Transactions by Seller in the Shares

 

	(a)	Seller hereby waives the redemption rights (“Redemption Rights”) set forth in the Certificate of Incorporation in connection with the Business Combination with respect to the Recycled Shares only during the term of this Confirmation. Seller may sell or otherwise transfer, loan or dispose of any of the Shares or any other shares or securities of the Counterparty in one or more public or private transactions at any time. Any Recycled Shares that are not Shortfall Sale Shares sold by Seller during the term of the Transaction will cease to be included in the Number of Shares.

 

	(b)	No sale of Shares by Seller shall terminate all or any portion of this Confirmation (unless Seller issues Shortfall Sale Notice or OET Notice within the deadlines contemplated in the sections entitled Shortfall Sales and Optional Early Termination above), and provided that Seller complies with all of its other obligations hereunder nothing contained herein shall limit any of Seller’s purchases and sales of Shares. 

 

No Arrangements

 

Seller, Counterparty and Target each acknowledge
and agree that: (i) there are no voting, hedging or settlement arrangements between or among Seller, Counterparty and Target with
respect to any Shares or the Counterparty or Target, other than those set forth herein; (ii) although Seller may hedge its risk under
the Transaction in any way Seller determines, Seller has no obligation to hedge with the purchase, sale or maintenance of any Shares or
otherwise; (iii) Counterparty and Target will not be entitled to any voting rights in respect of any of the Shares underlying the
Transaction; and (iv) Counterparty and Target will not seek to influence Seller with respect to the voting or disposition of any
Shares.

 

Wall Street Transparency and Accountability
Act

 

In connection with Section 739 of the Wall
Street Transparency and Accountability Act of 2010 (“WSTAA”), the parties hereby agree that neither the enactment of
WSTAA or any regulation under WSTAA, nor any requirement under WSTAA or an amendment made by WSTAA, nor any similar legal certainty provision
in any legislation enacted, or rule or regulation promulgated, on or after the date of this Confirmation, shall limit or otherwise
impair either party’s otherwise applicable rights to terminate, renegotiate, modify, amend or supplement this Confirmation or the
ISDA Form, as applicable, arising from a termination event, force majeure, illegality, increased costs, regulatory change or similar event
under this Confirmation, the Equity Definitions incorporated herein, or the ISDA Form.

 

     

     

    

 

Address for Notices

 

Notice
to Seller:

 

1200 N Federal Hwy, Ste 200

Boca Raton, FL 33432

Email: team@meteoracapital.com

 

With a copy to:

 

DLA Piper LLP (US)

555 Mission Street, Suite 2400

San Francisco, CA 94105-2933

Attention: Jeffrey C. Selman

Email: jeffrey.selman@us.dlapiper.com

 

Notice to Counterparty:

 

Monterey Capital Acquisition Corporation

419 Webster Street

Monterey, California

Attention: Bala Padmakumar

E-mail: bala@padmakumar.com

 

With a copy to:

Mintz, Levin, Cohn, Ferris, Glovsky and Popeo, P.C.

One Financial Center

Boston, MA 02111

Attention: Tom Burton

Email: trburton@mintz.com

 

Notice
to Target:

 

ConnectM Technology Solutions, Inc.

2 Mt.

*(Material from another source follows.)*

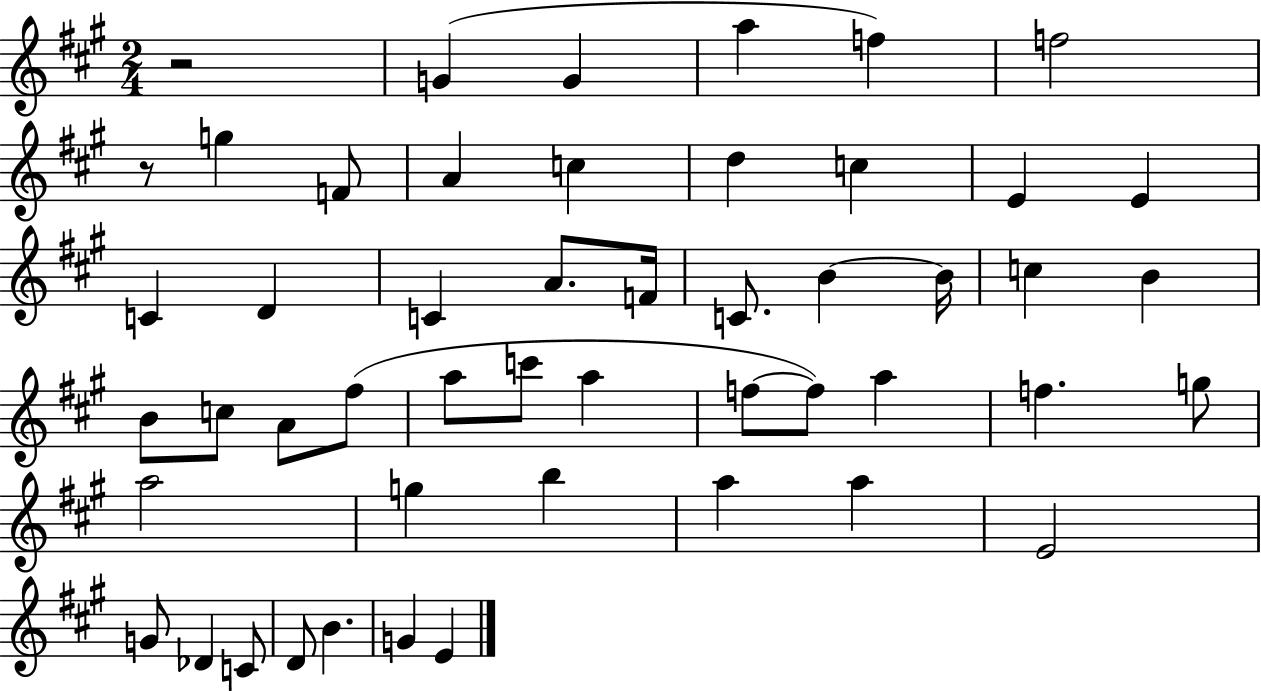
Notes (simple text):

R/h G4/q G4/q A5/q F5/q F5/h R/e G5/q F4/e A4/q C5/q D5/q C5/q E4/q E4/q C4/q D4/q C4/q A4/e. F4/s C4/e. B4/q B4/s C5/q B4/q B4/e C5/e A4/e F#5/e A5/e C6/e A5/q F5/e F5/e A5/q F5/q. G5/e A5/h G5/q B5/q A5/q A5/q E4/h G4/e Db4/q C4/e D4/e B4/q. G4/q E4/q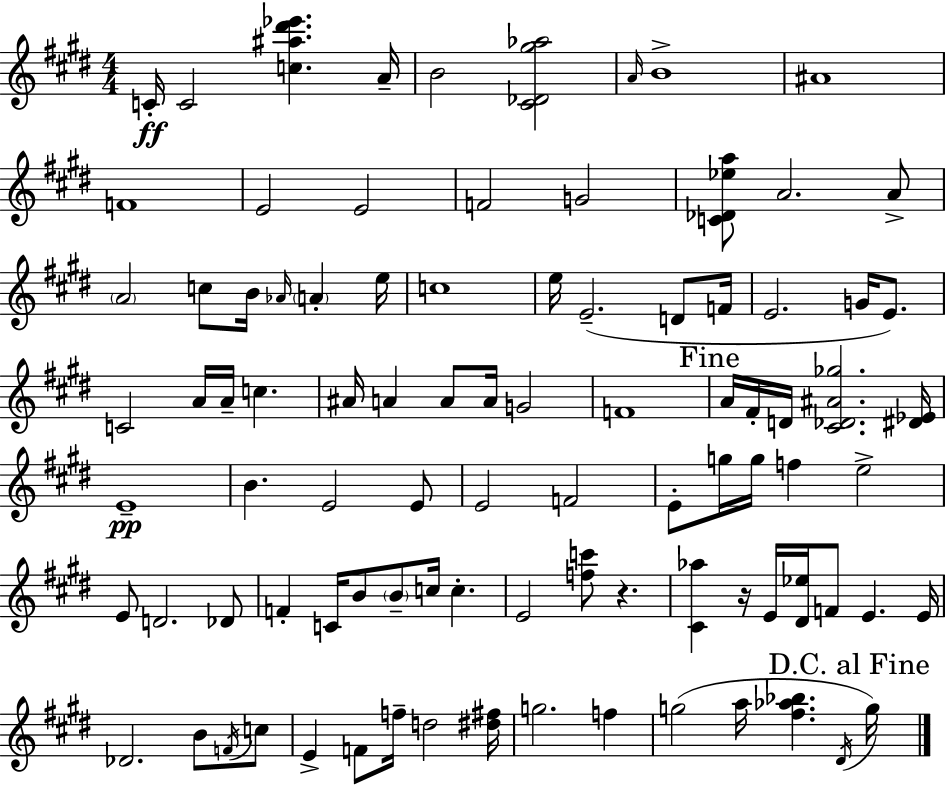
C4/s C4/h [C5,A#5,D#6,Eb6]/q. A4/s B4/h [C#4,Db4,G#5,Ab5]/h A4/s B4/w A#4/w F4/w E4/h E4/h F4/h G4/h [C4,Db4,Eb5,A5]/e A4/h. A4/e A4/h C5/e B4/s Ab4/s A4/q E5/s C5/w E5/s E4/h. D4/e F4/s E4/h. G4/s E4/e. C4/h A4/s A4/s C5/q. A#4/s A4/q A4/e A4/s G4/h F4/w A4/s F#4/s D4/s [C#4,Db4,A#4,Gb5]/h. [D#4,Eb4]/s E4/w B4/q. E4/h E4/e E4/h F4/h E4/e G5/s G5/s F5/q E5/h E4/e D4/h. Db4/e F4/q C4/s B4/e B4/e C5/s C5/q. E4/h [F5,C6]/e R/q. [C#4,Ab5]/q R/s E4/s [D#4,Eb5]/s F4/e E4/q. E4/s Db4/h. B4/e F4/s C5/e E4/q F4/e F5/s D5/h [D#5,F#5]/s G5/h. F5/q G5/h A5/s [F#5,Ab5,Bb5]/q. D#4/s G5/s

Royal Ave., Suite 550

Marlborough, MA 01752

Attention: Bhaskar Panigrahi

Email: Bhaskar@connectm.com

 

With
a copy to:

 

Burns & Levinson LLP

125 High Street

Boston, MA 02110

Attention: Andrew J. Merken, Esq.

Email:     amerken@burnslev.com

 

Other Provisions.

 

	(c)	Rule 10b5-1.

 

	 	(i)	Counterparty represents and warrants to Seller that Counterparty is not entering into the Transaction to create actual or apparent trading activity in the Shares (or any security convertible into or exchangeable for the Shares) or to raise or depress or otherwise manipulate the price of the Shares (or any security convertible into or exchangeable for the Shares) for the purpose of inducing the purchase or sale of such securities or otherwise in violation of the Exchange Act, and Counterparty represents and warrants to Seller that Counterparty has not entered into or altered, and agrees that Counterparty will not enter into or alter, any corresponding or hedging transaction or position with respect to the Shares.

 

     

     

    

 

	 	(ii)	Counterparty agrees that it will not seek to control or influence Seller’s decision to make any “purchases or sales” under the Transaction, including, without limitation, Seller’s decision to enter into any hedging transactions. Counterparty represents and warrants that it has consulted with its own advisors as to the legal aspects of its adoption and implementation of this Confirmation and the Transaction under the federal securities laws, including without limitation, the prohibitions on manipulative and deceptive devices under the Exchange Act.

 

	 	(iii)	Counterparty acknowledges and agrees that any amendment, modification, waiver or termination of this Confirmation must be effected in accordance with the requirements for the amendment or termination of a written trading plan for trading securities. Without limiting the generality of the foregoing, Counterparty acknowledges and agrees that any such amendment, modification, waiver or termination shall be made in good faith and not as part of a plan or scheme to evade compliance with the federal securities laws, including without limitation the prohibition on manipulative and deceptive devises under the Exchange Act and no such amendment, modification or waiver shall be made at any time at which Counterparty or any officer, director, manager or similar person of Counterparty is aware of any material non-public information regarding Counterparty or the Shares.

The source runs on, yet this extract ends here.